“I sought this office to restore the soul of America”. “To make America respected around the world again and to unite us here at home”.
These were the words from Joe Biden’s first speech as President-Elect of the United States of America, and most countries around the globe exhaled a sigh of relief.
After four chaotic and unpredictable years of President Trump’s reign where he abandoned multilateralism and opted for an “America First” policy, the majority of countries rejoiced at the thought of the United States of America becoming a strong leader of the free world again. Europe, in particular, is hoping for America to rejoin the Paris Climate Agreement and other nations are hoping for the same with the World Trade Organisation and World Health Organisation. Of course, not all nations were happy with the result. Some Middle-Eastern countries, including the UAE, were betting on a second Trump administration. This is due to Trump’s tough attitude towards Iran and his successes in forming closer alliances between Israel and the Gulf countries.
One also wonders how Boris Johnson felt the morning after the election. Johnson, who has been a close ally of Trump, was anticipating that this “special relationship” could aid Britain after their exit from the European Union. However, with Biden’s strong Irish roots, it looks as though he will take the side of Ireland rather than Britain in the continuing saga of the Northern Irish border and future trade deal with the European Union. This may prove a dilemma for Johnson as he tries to restore Britain’s relationship with Europe and the United States.
Domestically, the United States remains bitterly divided. Despite a huge, successful victory for Biden winning the popular vote by over 6 million more, 73 million Americans also voted for President Trump and still have huge distrust of Washington and other political institutions. This is reflected in their actions and opinions illustrated towards science, climate change, racism, sexism and Covid 19. Trump has been able to inspire and strike a chord amongst predominantly white middle-aged men from rural areas that feel let down by the system. Biden’s supporters tend to come from urban areas in which there is more diversification of different cultures.

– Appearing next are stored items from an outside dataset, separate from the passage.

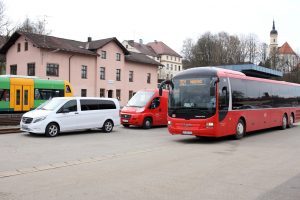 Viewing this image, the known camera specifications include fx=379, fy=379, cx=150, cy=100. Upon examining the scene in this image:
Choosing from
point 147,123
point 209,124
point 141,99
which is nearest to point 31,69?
point 141,99

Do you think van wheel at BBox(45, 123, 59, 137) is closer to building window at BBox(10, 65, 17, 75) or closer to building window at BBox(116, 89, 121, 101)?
building window at BBox(10, 65, 17, 75)

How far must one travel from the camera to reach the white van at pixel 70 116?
16734mm

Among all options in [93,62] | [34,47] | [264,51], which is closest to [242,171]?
[34,47]

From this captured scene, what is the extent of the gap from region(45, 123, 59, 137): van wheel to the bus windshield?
17.5 ft

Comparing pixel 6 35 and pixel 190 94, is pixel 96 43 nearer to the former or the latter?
pixel 6 35

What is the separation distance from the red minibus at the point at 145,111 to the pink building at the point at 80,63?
2631cm

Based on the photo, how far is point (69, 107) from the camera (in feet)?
58.7

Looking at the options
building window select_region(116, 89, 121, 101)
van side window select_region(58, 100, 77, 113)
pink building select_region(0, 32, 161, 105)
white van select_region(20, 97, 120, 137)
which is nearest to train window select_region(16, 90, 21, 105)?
white van select_region(20, 97, 120, 137)

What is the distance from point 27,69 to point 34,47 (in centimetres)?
301

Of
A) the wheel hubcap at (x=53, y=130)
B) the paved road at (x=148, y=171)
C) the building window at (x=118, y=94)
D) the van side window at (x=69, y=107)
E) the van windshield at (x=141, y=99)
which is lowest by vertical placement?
the paved road at (x=148, y=171)

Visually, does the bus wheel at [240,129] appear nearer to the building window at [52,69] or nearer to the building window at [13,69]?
the building window at [52,69]

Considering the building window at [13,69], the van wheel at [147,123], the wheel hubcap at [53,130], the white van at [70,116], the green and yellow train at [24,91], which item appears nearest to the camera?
the white van at [70,116]

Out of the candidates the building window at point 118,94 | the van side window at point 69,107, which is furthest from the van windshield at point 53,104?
the building window at point 118,94

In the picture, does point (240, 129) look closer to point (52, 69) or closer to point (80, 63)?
point (52, 69) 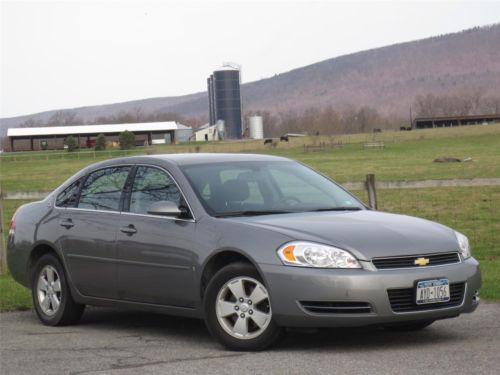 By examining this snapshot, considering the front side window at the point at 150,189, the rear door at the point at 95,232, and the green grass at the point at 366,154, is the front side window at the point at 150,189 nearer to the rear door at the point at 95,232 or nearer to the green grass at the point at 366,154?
the rear door at the point at 95,232

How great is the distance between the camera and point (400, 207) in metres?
25.5

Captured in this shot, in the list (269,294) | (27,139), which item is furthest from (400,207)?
(27,139)

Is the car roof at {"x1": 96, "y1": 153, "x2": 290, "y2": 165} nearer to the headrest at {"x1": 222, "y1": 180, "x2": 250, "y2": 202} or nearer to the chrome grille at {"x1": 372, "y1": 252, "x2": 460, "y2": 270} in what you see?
the headrest at {"x1": 222, "y1": 180, "x2": 250, "y2": 202}

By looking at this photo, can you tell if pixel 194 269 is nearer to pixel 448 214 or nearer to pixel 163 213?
pixel 163 213

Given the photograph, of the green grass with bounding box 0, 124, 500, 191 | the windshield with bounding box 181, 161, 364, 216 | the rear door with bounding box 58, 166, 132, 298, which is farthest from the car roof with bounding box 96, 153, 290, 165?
the green grass with bounding box 0, 124, 500, 191

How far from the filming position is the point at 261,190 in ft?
27.9

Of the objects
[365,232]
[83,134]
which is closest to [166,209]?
[365,232]

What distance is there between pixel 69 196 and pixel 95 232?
0.85 metres

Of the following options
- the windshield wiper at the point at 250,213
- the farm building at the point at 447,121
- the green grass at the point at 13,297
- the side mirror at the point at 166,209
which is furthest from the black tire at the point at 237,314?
the farm building at the point at 447,121

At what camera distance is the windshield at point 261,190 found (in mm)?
8234

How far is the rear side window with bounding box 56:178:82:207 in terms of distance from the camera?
Answer: 9.55m

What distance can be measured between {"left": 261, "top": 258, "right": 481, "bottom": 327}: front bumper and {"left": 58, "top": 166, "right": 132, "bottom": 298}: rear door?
6.38ft

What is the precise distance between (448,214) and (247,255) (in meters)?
16.1

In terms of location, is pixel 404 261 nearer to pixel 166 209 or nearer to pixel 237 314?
pixel 237 314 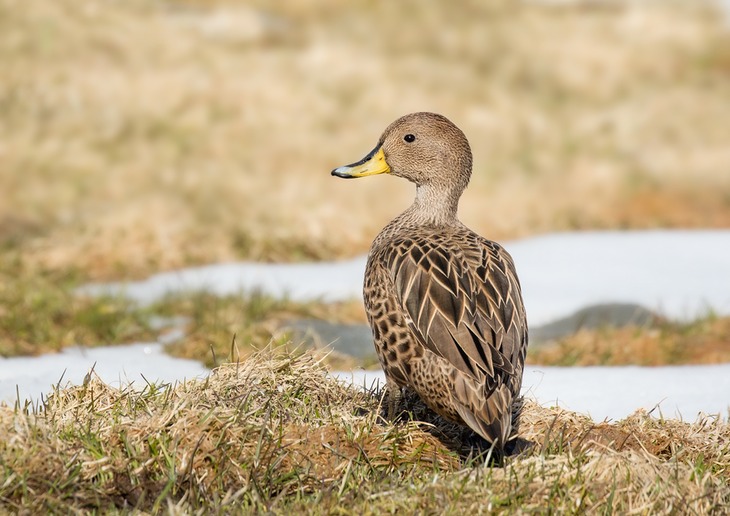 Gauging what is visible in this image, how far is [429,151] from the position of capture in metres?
Answer: 5.11

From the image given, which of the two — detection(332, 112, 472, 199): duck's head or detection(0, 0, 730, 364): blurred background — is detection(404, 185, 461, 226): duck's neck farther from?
detection(0, 0, 730, 364): blurred background

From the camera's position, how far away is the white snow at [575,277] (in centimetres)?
757

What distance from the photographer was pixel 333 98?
1434 cm

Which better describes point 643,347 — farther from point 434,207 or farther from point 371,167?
point 371,167

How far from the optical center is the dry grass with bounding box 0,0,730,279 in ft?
32.9

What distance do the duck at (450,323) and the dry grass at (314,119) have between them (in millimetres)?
4428

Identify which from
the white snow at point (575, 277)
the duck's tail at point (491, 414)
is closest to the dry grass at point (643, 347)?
the white snow at point (575, 277)

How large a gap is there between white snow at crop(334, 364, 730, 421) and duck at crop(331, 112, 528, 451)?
66 centimetres

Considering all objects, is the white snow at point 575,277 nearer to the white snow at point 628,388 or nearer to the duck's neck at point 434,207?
the white snow at point 628,388

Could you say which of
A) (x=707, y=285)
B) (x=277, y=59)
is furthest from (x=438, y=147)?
(x=277, y=59)

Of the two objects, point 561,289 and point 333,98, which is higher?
point 333,98

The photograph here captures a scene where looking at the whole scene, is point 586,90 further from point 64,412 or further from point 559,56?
point 64,412

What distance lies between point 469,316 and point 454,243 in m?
0.54

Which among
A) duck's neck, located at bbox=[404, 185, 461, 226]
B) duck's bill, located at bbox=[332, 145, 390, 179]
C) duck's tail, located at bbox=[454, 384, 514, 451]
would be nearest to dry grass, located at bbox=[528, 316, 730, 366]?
duck's neck, located at bbox=[404, 185, 461, 226] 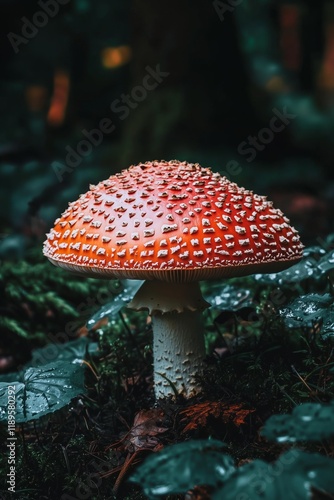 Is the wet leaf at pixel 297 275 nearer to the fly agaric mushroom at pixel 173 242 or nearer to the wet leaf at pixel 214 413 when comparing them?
the fly agaric mushroom at pixel 173 242

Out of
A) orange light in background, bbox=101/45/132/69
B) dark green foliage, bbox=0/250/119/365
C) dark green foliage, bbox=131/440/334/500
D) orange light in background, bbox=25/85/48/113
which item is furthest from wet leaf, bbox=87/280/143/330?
orange light in background, bbox=101/45/132/69

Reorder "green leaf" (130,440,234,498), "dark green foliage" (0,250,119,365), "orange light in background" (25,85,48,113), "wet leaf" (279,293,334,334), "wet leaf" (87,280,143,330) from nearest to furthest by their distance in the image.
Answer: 1. "green leaf" (130,440,234,498)
2. "wet leaf" (279,293,334,334)
3. "wet leaf" (87,280,143,330)
4. "dark green foliage" (0,250,119,365)
5. "orange light in background" (25,85,48,113)

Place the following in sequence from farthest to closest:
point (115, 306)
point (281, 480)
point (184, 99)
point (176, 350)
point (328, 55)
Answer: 1. point (328, 55)
2. point (184, 99)
3. point (115, 306)
4. point (176, 350)
5. point (281, 480)

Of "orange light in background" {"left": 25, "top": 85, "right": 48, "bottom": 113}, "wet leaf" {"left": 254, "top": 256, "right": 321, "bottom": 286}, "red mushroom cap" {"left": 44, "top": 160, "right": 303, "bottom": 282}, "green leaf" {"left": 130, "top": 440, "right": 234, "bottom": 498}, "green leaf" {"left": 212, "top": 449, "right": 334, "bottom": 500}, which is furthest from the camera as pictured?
"orange light in background" {"left": 25, "top": 85, "right": 48, "bottom": 113}

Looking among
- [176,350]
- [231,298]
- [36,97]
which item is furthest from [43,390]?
[36,97]

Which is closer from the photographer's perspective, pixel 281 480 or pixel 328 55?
pixel 281 480

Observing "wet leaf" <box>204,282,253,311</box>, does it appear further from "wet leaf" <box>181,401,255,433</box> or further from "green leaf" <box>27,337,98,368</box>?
"green leaf" <box>27,337,98,368</box>

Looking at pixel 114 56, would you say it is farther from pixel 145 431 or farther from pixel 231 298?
pixel 145 431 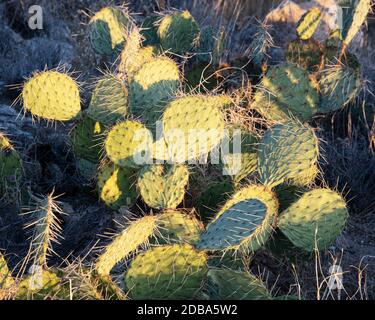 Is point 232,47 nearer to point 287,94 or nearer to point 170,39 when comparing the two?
point 170,39

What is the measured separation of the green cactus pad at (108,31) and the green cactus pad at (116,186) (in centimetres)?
115

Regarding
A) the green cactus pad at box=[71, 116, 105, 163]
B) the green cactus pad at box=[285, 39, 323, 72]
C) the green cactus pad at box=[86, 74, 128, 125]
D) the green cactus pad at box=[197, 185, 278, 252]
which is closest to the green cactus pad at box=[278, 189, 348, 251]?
the green cactus pad at box=[197, 185, 278, 252]

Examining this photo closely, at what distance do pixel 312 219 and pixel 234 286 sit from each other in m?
0.59

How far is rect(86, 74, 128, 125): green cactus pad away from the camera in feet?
12.0

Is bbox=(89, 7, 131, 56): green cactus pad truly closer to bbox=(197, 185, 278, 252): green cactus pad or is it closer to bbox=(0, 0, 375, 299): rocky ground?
bbox=(0, 0, 375, 299): rocky ground

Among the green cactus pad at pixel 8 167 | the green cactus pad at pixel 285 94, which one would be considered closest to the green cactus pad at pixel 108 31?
the green cactus pad at pixel 285 94

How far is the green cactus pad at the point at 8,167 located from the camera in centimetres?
369

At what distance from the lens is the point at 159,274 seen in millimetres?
2729

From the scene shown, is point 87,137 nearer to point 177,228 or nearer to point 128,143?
point 128,143

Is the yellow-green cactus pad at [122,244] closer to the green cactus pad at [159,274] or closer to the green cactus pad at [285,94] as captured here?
the green cactus pad at [159,274]

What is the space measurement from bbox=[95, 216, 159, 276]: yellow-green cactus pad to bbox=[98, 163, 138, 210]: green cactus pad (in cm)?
80

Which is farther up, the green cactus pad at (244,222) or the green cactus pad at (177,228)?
the green cactus pad at (244,222)

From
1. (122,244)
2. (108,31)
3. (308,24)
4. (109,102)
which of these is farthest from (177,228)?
(308,24) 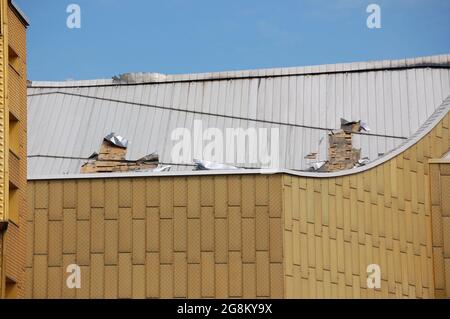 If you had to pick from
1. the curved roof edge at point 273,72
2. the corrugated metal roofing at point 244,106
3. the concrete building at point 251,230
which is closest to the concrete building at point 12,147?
the concrete building at point 251,230

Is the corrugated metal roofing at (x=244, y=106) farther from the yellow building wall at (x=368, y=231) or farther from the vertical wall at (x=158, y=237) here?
the vertical wall at (x=158, y=237)

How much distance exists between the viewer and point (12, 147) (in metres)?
49.3

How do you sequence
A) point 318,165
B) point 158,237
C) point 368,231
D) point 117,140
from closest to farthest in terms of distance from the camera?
point 158,237, point 368,231, point 318,165, point 117,140

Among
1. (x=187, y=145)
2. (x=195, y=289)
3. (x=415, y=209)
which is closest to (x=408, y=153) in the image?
(x=415, y=209)

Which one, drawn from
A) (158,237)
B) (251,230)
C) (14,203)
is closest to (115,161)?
(158,237)

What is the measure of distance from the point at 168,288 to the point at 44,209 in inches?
214

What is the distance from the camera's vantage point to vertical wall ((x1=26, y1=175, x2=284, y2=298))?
60.0 m

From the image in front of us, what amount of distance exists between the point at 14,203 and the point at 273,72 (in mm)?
39686

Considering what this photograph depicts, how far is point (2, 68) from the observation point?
1876 inches

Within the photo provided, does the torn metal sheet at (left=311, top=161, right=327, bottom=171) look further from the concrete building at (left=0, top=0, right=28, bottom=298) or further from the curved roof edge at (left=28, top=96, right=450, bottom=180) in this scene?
the concrete building at (left=0, top=0, right=28, bottom=298)

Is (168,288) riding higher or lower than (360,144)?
lower

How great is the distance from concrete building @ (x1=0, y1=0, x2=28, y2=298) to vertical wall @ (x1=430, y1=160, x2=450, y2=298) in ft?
65.6

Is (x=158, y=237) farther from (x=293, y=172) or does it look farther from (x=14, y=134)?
(x=14, y=134) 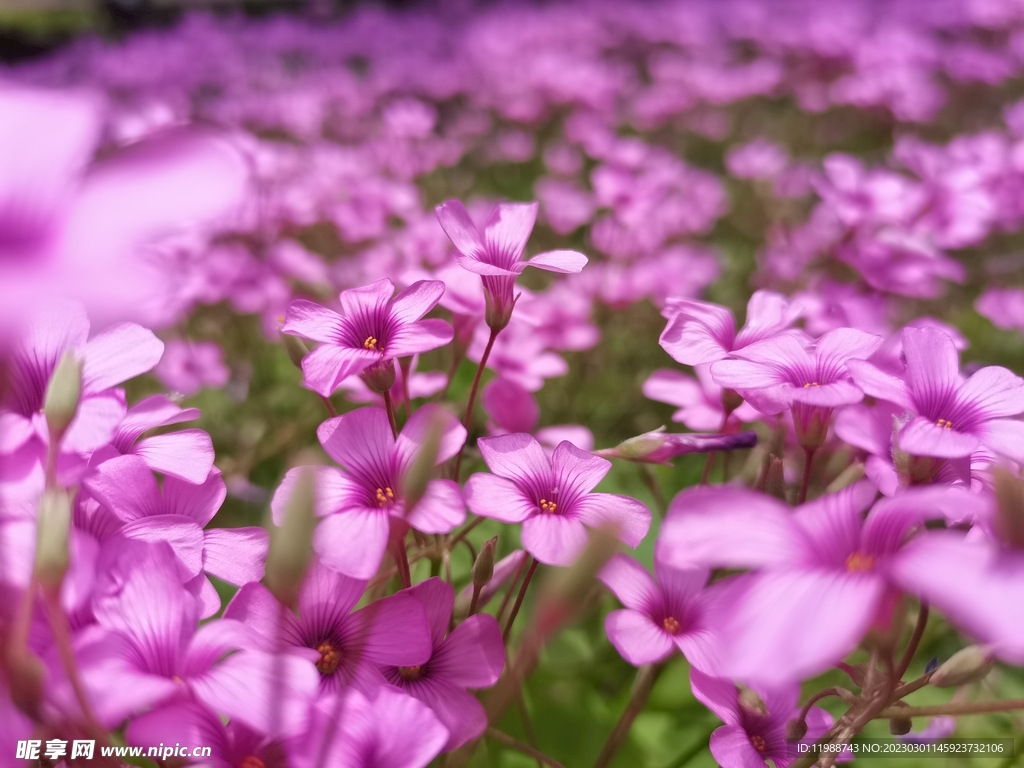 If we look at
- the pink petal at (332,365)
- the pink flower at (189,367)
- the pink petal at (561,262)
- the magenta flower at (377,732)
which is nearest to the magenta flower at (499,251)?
the pink petal at (561,262)

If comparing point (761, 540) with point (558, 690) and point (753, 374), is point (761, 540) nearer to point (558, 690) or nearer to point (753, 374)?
point (753, 374)

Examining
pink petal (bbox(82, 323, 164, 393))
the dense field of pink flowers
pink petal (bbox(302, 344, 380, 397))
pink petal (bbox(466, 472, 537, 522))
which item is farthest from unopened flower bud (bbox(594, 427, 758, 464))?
pink petal (bbox(82, 323, 164, 393))

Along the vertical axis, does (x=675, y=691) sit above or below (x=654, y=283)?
below

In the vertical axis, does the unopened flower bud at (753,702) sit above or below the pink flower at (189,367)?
above

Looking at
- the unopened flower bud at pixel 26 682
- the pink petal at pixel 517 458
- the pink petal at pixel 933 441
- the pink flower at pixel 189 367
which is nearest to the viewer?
the unopened flower bud at pixel 26 682

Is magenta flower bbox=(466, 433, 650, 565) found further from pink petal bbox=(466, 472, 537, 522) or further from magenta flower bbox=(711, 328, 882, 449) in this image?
magenta flower bbox=(711, 328, 882, 449)

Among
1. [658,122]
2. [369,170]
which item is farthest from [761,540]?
[658,122]

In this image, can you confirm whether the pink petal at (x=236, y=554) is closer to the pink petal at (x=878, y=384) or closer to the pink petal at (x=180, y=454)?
the pink petal at (x=180, y=454)

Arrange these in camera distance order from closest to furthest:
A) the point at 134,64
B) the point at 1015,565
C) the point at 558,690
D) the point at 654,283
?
the point at 1015,565, the point at 558,690, the point at 654,283, the point at 134,64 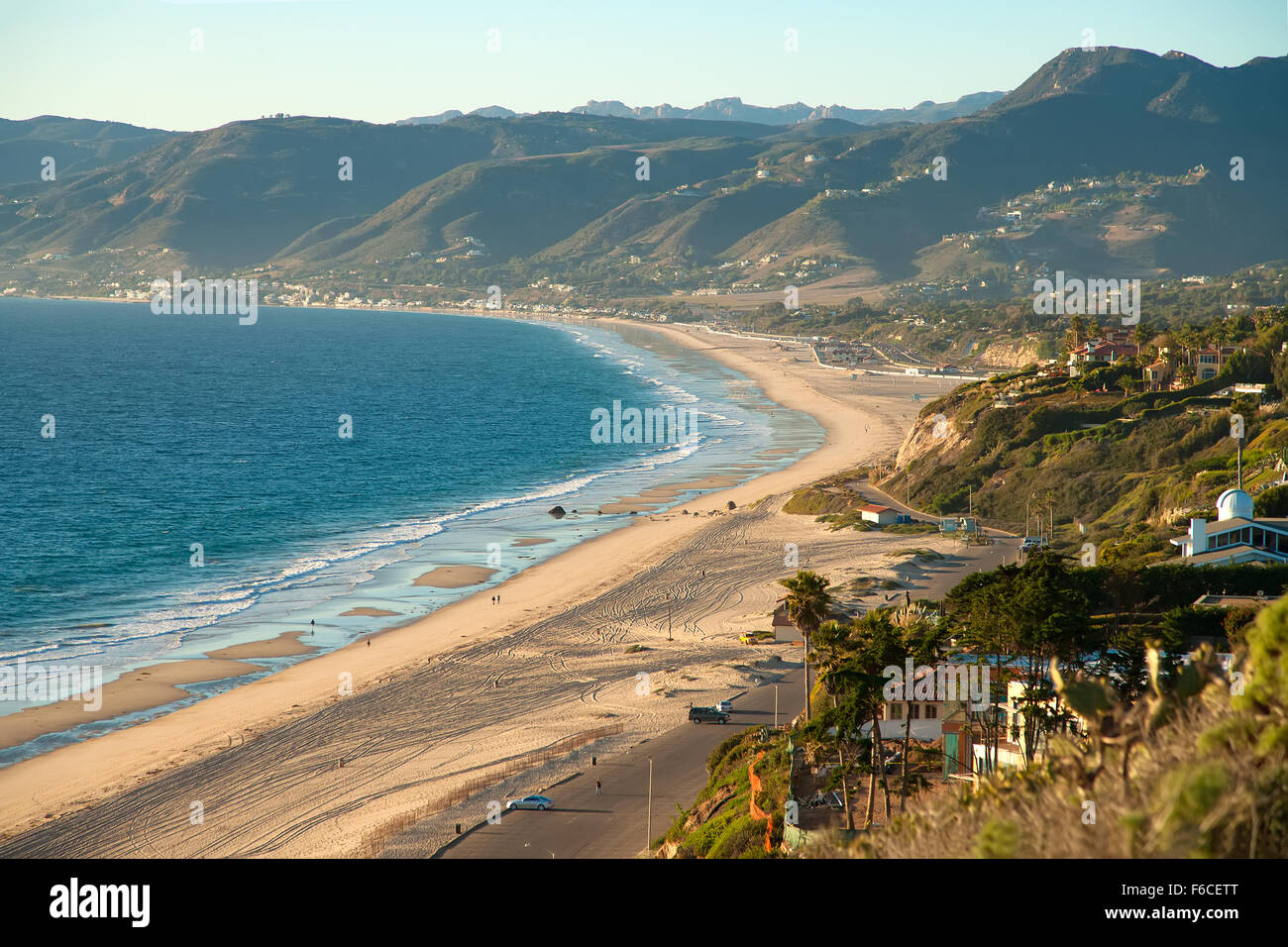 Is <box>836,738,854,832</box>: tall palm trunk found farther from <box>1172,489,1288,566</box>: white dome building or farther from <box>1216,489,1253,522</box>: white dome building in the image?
<box>1216,489,1253,522</box>: white dome building

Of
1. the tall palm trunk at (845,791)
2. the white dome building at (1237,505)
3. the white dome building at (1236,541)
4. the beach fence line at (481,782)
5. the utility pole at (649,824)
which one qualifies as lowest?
the beach fence line at (481,782)

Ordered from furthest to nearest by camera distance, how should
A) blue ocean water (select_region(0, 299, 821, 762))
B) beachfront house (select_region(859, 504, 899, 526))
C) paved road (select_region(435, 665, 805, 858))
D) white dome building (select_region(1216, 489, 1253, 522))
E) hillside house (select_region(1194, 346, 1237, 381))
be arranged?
1. hillside house (select_region(1194, 346, 1237, 381))
2. beachfront house (select_region(859, 504, 899, 526))
3. blue ocean water (select_region(0, 299, 821, 762))
4. white dome building (select_region(1216, 489, 1253, 522))
5. paved road (select_region(435, 665, 805, 858))

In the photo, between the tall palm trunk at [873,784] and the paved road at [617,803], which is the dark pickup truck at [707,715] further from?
the tall palm trunk at [873,784]

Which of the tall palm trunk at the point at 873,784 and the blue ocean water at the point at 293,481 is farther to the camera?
the blue ocean water at the point at 293,481

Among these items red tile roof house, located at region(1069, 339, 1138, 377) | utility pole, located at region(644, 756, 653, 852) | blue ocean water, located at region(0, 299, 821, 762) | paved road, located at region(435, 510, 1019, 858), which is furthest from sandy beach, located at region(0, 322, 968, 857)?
red tile roof house, located at region(1069, 339, 1138, 377)

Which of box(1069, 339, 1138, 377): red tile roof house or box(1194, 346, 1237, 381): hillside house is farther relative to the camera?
box(1069, 339, 1138, 377): red tile roof house

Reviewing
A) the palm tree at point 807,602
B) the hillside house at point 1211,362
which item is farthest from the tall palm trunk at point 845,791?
the hillside house at point 1211,362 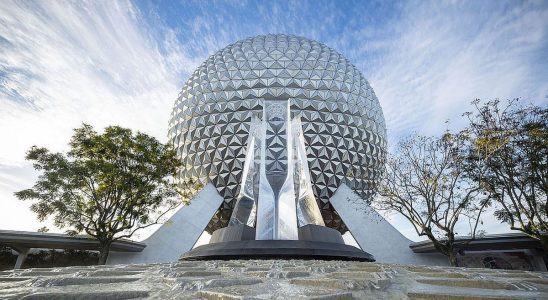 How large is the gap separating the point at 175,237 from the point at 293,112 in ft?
41.8

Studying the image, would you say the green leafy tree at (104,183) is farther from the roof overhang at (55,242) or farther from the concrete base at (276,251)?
the concrete base at (276,251)

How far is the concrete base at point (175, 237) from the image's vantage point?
15359 millimetres

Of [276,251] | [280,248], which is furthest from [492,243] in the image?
[276,251]

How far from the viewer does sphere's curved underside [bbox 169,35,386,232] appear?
66.7 ft

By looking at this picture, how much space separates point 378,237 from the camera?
16.1 meters

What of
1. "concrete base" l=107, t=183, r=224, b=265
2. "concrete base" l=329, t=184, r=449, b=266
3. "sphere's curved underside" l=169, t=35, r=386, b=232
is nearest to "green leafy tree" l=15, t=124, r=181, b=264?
"concrete base" l=107, t=183, r=224, b=265

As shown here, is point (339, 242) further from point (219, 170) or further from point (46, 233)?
point (46, 233)

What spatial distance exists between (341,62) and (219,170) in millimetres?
15936

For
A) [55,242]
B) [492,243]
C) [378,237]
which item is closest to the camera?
[492,243]

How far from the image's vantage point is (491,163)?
44.9 ft

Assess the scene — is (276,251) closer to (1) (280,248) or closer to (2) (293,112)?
(1) (280,248)

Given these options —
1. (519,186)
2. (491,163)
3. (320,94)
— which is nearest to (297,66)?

Despite Biden’s resounding victory, the republicans had a very good election to the congress and they managed to narrow the gap in the House of Representatives, and it looks likely that they will hold on to the majority of seats in the Senate, which could prove an uphill struggle for the Biden administration. A lot is depending on the Senate election in the state of Georgia which is up for grabs in early January. If the democrats manage to win the two remaining seats – although unlikely- it will mean a tie in the senate with the vice president casting the decisive vote. Failing that, Biden’s administration will find it very difficult to pass any legislation and to deliver a large part of his agenda due to fierce Republican opposition.
Another big challenge for Biden is the division within the democratic party itself. This includes congresswoman Alexandria Ocasio-Cortez and other members of Congress with similar views that tend to pursue more left wing policies. This could result in conflict within the democratic party and Biden will need to cater for all sides. Since it’s very likely that he will be a one-term president, this in turn will make it very difficult for him to meet these challenges and pursue his agenda during his four year tenure.
For all of the above, democracy is alive and well in the United States. This has been shown by the highest turn-out of voters in the history of American elections with no visible signs of political interference from other foreign nations and even during the most turbulent year of Covid 19. Both campaigns have stated that every vote should be counted, and it was. Members of Trump’s own administration called it “the most secure in modern history” with “no evidence” of any votes being tampered with or ‘in any way compromised’. In spite of Trump’s claim of illegal votes and his numerous attempts to file legal claims against voter fraud, the judicial system prevailed – even those dominated by Republicans and Trump’s own appointees. He has tried unsuccessfully to sow the seeds of distrust and has not conceded the election which is the tradition of the out-going President even though Biden won decisively in both the popular vote and the battleground states.
However on 12pm January 20th, Joe Biden will become the 46th President of the United States and one can say that the American institutions have prevailed and that democracy has been strengthened by this election.